## YOUR TASK
Your output is the line containing "Женское мини-платье из" plus all lines after it to the end of the records, reproduced exactly, with nothing else.

======== EXCERPTED DATA

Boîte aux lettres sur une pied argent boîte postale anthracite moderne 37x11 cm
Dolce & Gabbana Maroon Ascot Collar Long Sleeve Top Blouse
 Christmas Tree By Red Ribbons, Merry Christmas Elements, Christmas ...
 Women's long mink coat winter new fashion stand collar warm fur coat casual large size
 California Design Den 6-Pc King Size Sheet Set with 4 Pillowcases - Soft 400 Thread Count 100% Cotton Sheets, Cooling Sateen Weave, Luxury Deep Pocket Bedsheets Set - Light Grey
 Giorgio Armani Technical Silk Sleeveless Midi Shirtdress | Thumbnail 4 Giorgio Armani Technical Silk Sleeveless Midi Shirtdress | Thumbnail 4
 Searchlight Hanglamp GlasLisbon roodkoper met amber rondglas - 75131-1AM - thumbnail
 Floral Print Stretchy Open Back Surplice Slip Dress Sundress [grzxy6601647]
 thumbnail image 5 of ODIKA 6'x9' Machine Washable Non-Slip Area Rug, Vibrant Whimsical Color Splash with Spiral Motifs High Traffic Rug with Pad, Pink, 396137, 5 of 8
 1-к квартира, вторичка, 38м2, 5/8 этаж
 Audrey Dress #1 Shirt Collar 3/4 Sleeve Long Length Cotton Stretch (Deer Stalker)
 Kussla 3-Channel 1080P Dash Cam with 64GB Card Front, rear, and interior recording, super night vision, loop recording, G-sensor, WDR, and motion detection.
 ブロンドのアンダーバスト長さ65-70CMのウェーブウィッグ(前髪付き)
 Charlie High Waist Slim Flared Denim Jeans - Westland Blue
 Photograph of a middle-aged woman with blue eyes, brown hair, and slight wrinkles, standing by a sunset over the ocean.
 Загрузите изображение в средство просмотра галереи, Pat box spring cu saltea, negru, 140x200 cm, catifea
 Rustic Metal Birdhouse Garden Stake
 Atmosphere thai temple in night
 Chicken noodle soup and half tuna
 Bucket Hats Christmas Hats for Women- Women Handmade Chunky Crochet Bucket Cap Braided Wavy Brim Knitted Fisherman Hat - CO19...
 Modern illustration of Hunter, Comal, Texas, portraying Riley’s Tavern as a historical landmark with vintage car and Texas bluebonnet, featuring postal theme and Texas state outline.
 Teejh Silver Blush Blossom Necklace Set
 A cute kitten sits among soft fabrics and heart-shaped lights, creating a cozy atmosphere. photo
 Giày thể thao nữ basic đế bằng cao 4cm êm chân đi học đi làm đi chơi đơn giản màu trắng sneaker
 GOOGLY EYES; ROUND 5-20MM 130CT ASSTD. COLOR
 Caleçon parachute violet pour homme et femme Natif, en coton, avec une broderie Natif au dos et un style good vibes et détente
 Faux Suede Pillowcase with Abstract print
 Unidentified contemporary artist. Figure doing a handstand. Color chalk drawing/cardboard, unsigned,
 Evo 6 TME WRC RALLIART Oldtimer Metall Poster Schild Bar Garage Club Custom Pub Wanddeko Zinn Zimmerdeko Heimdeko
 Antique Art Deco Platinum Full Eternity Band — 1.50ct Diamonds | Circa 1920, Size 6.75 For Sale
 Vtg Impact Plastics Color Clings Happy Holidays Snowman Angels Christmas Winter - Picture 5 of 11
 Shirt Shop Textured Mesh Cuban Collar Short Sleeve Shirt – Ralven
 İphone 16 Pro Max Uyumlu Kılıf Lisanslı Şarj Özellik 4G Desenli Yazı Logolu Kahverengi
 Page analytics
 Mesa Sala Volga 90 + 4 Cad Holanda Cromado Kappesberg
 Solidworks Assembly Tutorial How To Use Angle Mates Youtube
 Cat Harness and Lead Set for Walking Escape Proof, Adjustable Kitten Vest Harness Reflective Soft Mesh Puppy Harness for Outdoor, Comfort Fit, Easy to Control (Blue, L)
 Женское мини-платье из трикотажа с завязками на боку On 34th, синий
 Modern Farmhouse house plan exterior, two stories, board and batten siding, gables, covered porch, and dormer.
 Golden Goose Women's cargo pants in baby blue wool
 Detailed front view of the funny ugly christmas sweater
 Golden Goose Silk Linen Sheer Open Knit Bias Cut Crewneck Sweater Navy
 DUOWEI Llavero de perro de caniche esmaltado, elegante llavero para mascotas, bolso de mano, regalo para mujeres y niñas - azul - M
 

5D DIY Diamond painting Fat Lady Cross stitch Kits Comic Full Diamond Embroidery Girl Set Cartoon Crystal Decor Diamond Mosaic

================

## TASK RESPONSE
 Женское мини-платье из трикотажа с завязками на боку On 34th, синий
 Modern Farmhouse house plan exterior, two stories, board and batten siding, gables, covered porch, and dormer.
 Golden Goose Women's cargo pants in baby blue wool
 Detailed front view of the funny ugly christmas sweater
 Golden Goose Silk Linen Sheer Open Knit Bias Cut Crewneck Sweater Navy
 DUOWEI Llavero de perro de caniche esmaltado, elegante llavero para mascotas, bolso de mano, regalo para mujeres y niñas - azul - M
 

5D DIY Diamond painting Fat Lady Cross stitch Kits Comic Full Diamond Embroidery Girl Set Cartoon Crystal Decor Diamond Mosaic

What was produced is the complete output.